Generalized Semantic Analysis (HOLMES)

All our applications are based on HOLMES, our semantic analysis engine. HOLMES stands for Hybrid Operable platform for Language Management and Extensible Semantics. It is a platform for the analysis (in French, Italian and English) of texts, including tokenization, part-of-speech tagging, named entity recognition and extraction, trainable classifiers, dependency parsing and information extraction. HOLMES is entirely written in Java and maximizes extensibility of processing for use in real-life tasks.

Given its customizability, HOLMES allows us to deliver classical information extraction applications with relatively little effort, and, thus, lowered entry costs for the customer.

  • Uses of HOLMES

    Information extraction is the task consisting in transforming unstructured information contained in texts into structured information to be used by other applications. Nowadays, there are a number of information extraction applications, for instance:

    • In the financial domain, applications that extract from news facts that are relevant for analysts: people’s specific actions, company mergers and acquisitions, specific events able to influence economic trends.
    • In the security domain: detection of dangerous events, detection of weak signals, identification of security breaches, and detection of patent violation.
    • In the scientific domain: detection of the usages of specific technologies, technology watch, automatic identification of experimental patterns from scientific texts.
    • In the personal domain: email analysis, automatic identification of relevant events, such meetings and assigned tasks.

    In general, all applications including some kind of intelligent semantic search make use of information extraction, for instance, in order to identify entities that are pertinent to a given domain, or to characterize the relationships between different entities, event dates, etc.

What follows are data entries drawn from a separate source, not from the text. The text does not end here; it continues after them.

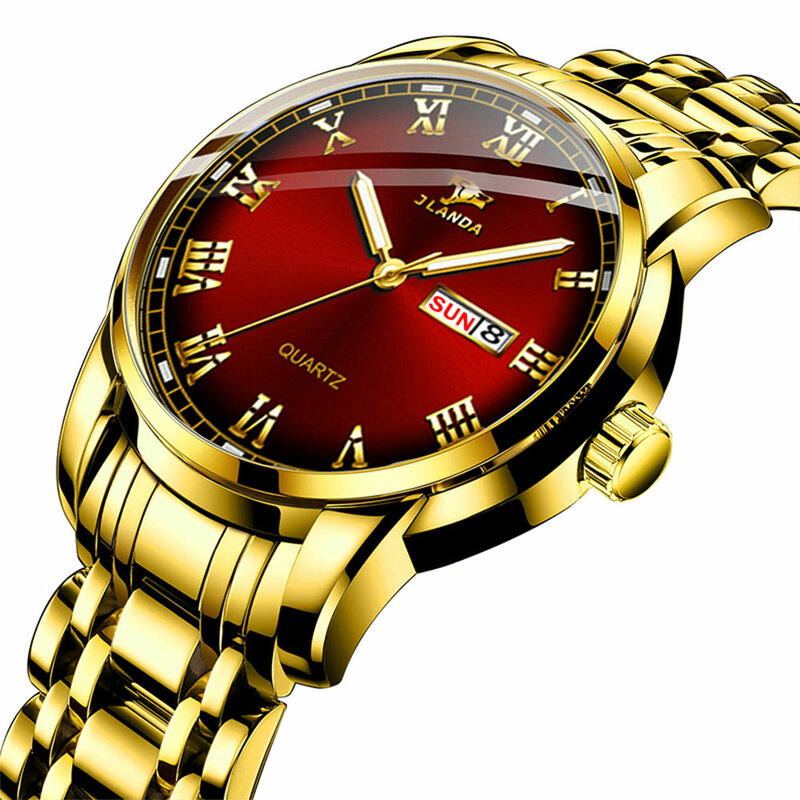 Mens Fashion Watches Waterproof Stainless Steel Watch for Man Date Week Clock Gold Watch Men Quartz Wristwatch for Business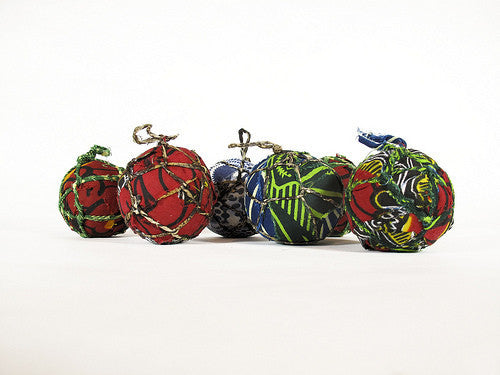 Red & Lime Textile Ball Ornament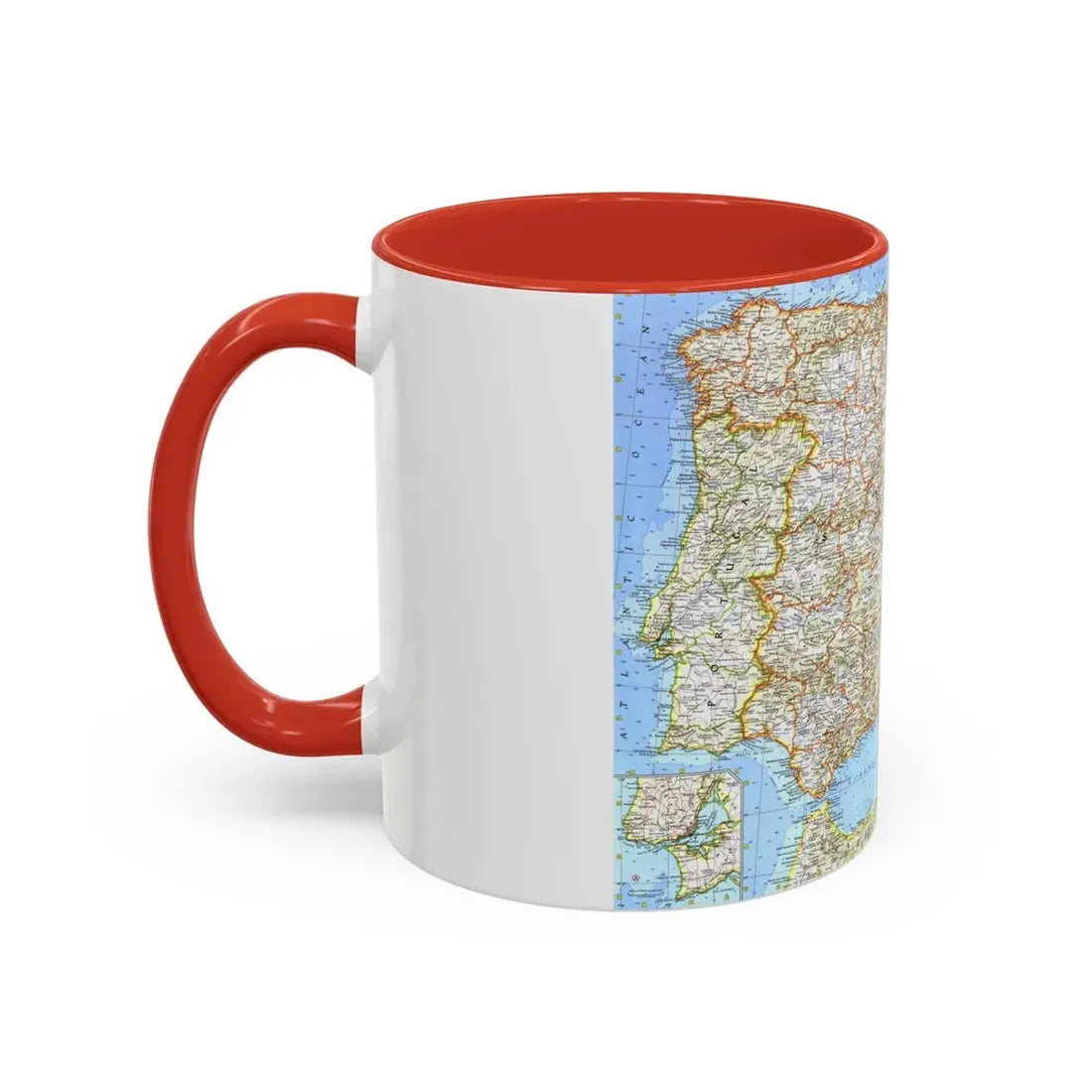 Spain and Portugal (1965) (Map) Accent Coffee Mug - Go Mug Yourself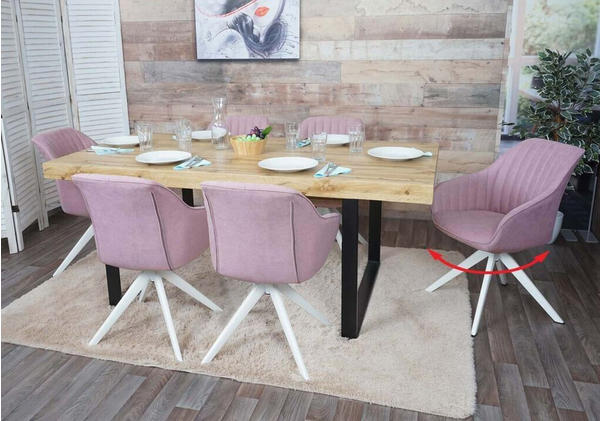 Mendler 6er-Set Esszimmerstuhl MCW-K27, Küchenstuhl Stuhl mit Armlehne, drehbar Stoff/Textil rosa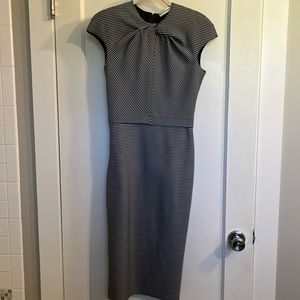 Black and white gingham Scanlan Theodore cap sleeve sheath dress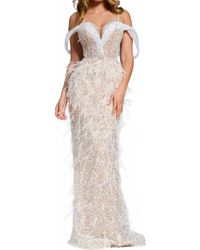 Jovani - Feathered Plunge Gown With Dazzling Embellishments - Lyst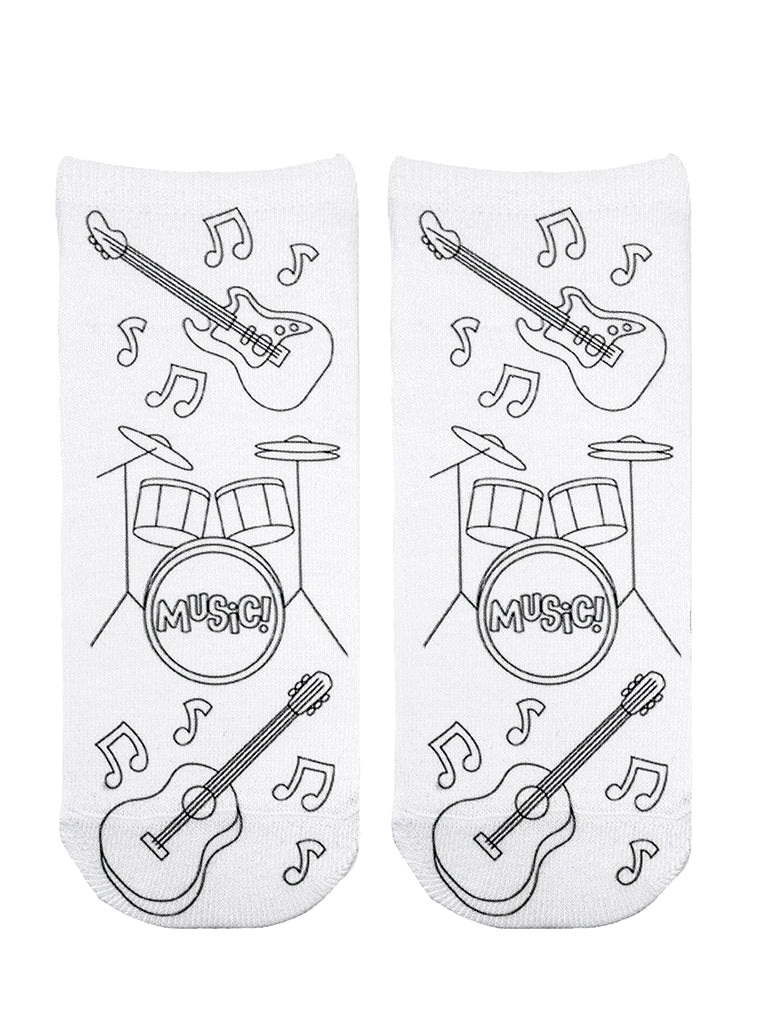 Pair of socks with musical instrument designs on a white background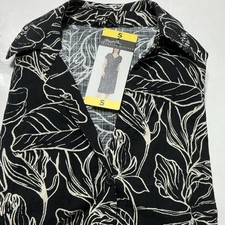 Jewel Badgley Mischka S Black White Floral Shirt Dress Pockets Midi 1958188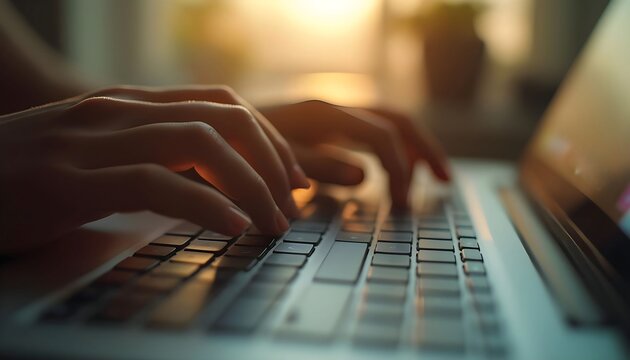 Typing on laptop keyboard close up for business professional or student work from home or office concept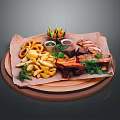 Grilled Ribs with Crispy Onion Rings Golden Fries and Fresh Vegetable Sticks on Wooden Tray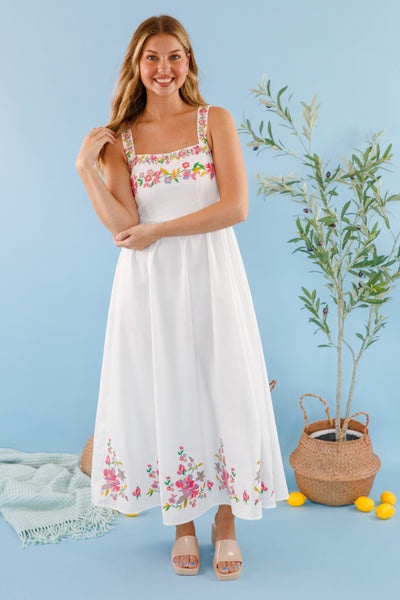 Floral Embroidered Maxi Dress- Women's White Floral Dress- Summer Dresses for Women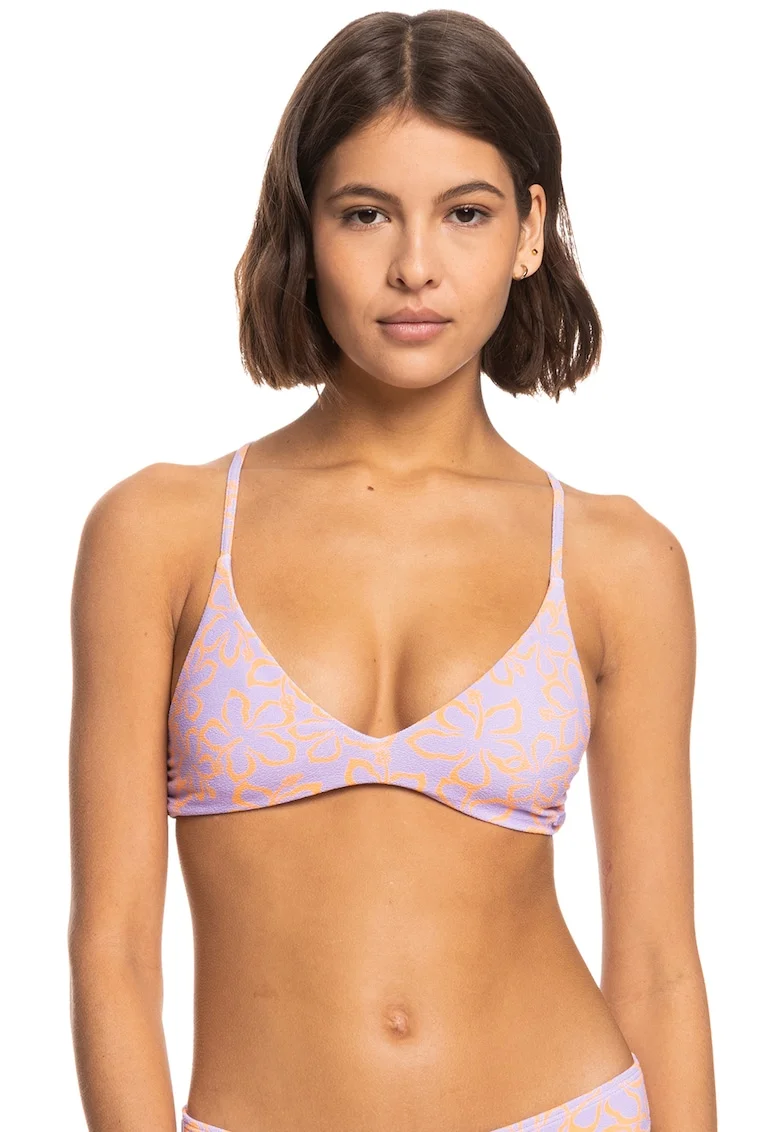 Sutien de baie triunghiular Hawaiian Heat, Portocaliu/Lila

    Recently, information extraction has found two big fields of application, namely the paradigms of (Open) Linked Data and Big Data. In the former, it is mainly used to automatically link resources and find relations that have not been manually coded. In the latter, information extraction provides central cues for analyzing texts (typically coming from social networks) that, because of their quantity, would be difficult to analyze by human operators.

  • HOLMES in detail

    Technically, HOLMES is a framework for natural language processing based on a radically incremental approach. This means that all information added in the processing chain is always available at higher processing levels. Currently, the main processors available in HOLMES are:

    • Tokenization
    • Sentence detection
    • Part-of-speech tagging
    • Morphological analysis
    • Linear pattern rules over sequences of linguistic objects
    • Dependency parsing
    • Ontology look-up
    • Named entity extraction (using Conditional Random Fields)
    • Automatic classification

    As can be deduced from this list, the Hybrid aspect of HOLMES is represented by a tight integration between symbolic techniques (hand-written semantic rules) and machine learning-based techniques. Basically, results of statistical computation can be accessed at the rule level, and inversely all machine learning-based components can benefit from the results of any kind of symbolic processing in terms of input features.